There appears to be little to separate the top teams and the leading five have all been tipped as potential contenders for victory.
But it’s in the nature of Formula One to produce surprises and keep us guessing. The possibility that one of them might produce an upgrade that pulls them a few tenths ahead of the chasing pack can’t be ruled out.
The usual difficulty of reading anything from testing was exacerbated by the new tyres supplied by Pirelli. Designed to degrade quickly but in a more predictable fashion than the fickle 2012 compounds, they were unsuited to the cool conditions most of testing was run in. Once graining set in they went off quickly, hampering teams’ efforts to cover useful testing mileage.
The weather in Melbourne should suit them better but drivers still expect the tyres to give them a hard time.
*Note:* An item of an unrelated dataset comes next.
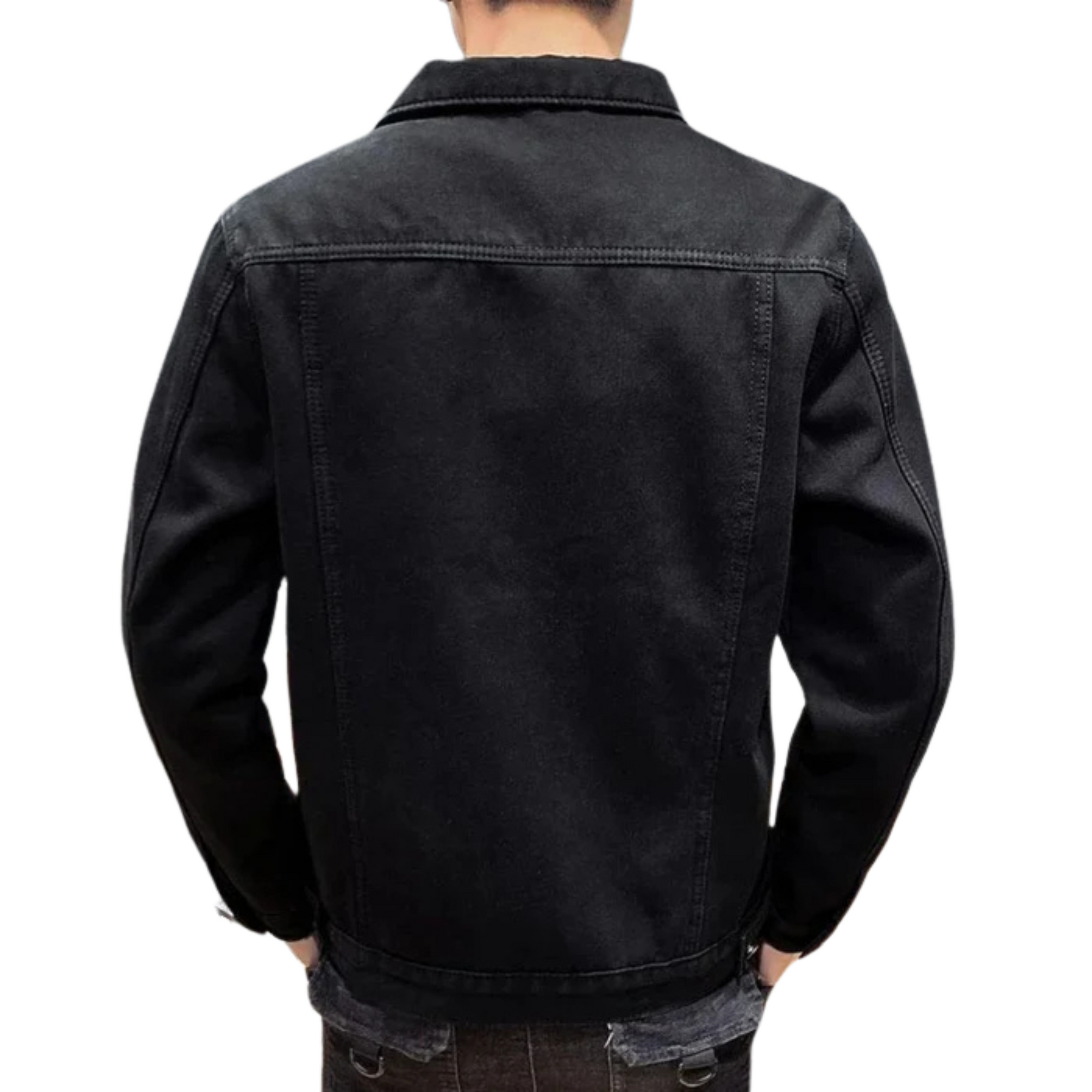 Jaqueta Jeans Masculina Kingsmen KM133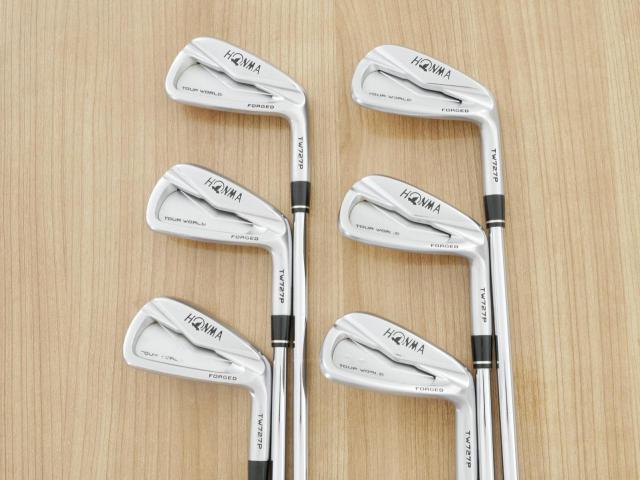 Iron set : Honma : ชุดเหล็ก Honma Tour World TW727P (Forged ออกปี 2016) มีเหล็ก 5-10 (6 ชิ้น) ก้านเหล็ก NS Pro 950 Flex S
They may also serve to limit the amount of laps they can cover during practice.
Melbourne circuit information
|Lap length||5.303km (3.295 miles)|
|Distance||58 laps (307.6km/191.1 miles)|
|Lap record*||1’24.125 (Michael Schumacher, 2004)|
|Fastest lap||1’23.529 (Sebastian Vettel, 2011)|
|Tyres||Medium and Super Soft|
*Fastest lap set during a Grand Prix
Pirelli have brought their super-soft tyres to this race for the first time. How well they stand up to a race stint will shape strategy for Sunday. Some teams didn’t even bother running them in testing.
For those hoping to get an accurate read on the state of the playing field, Melbourne only ever gives an incomplete picture. The temporary circuit is unlike most of those on the calendar in terms of surface and configuration.
Qualifying will have a slightly different look this year with six cars being eliminated in Q1 and a further six in Q2. Caterham and Marussia are unlikely to escape the clutches of Q1 yet but it’s hard to pick which of their rivals might join them in a first-round exit.
However with tyres that degrade more quickly, the strategic benefit of being eliminated early in qualifying and saving fresh sets of tyres will be heightened.
We’ll also get our first impression of whether the revised approach to DRS will have any effect on overtaking. Drivers may only use it in the designated zones – of which there are two at this track – at all times, instead of having free use of it in practice and qualifying.
The race at Melbourne is often shaped by incidents. First-lap crashes are a common occurrence, as are safety car deployments. The race concludes in the late afternoon, with low rays of sunlight creating an additional hazard for the drivers.
Australian Grand Prix team-by-team preview
All eyes will be on the world champions to see if they spring any surprises after a very low-key winter. Will the Drag Reductions Device seen during testing at the Circuit de Catalunya make an appearance?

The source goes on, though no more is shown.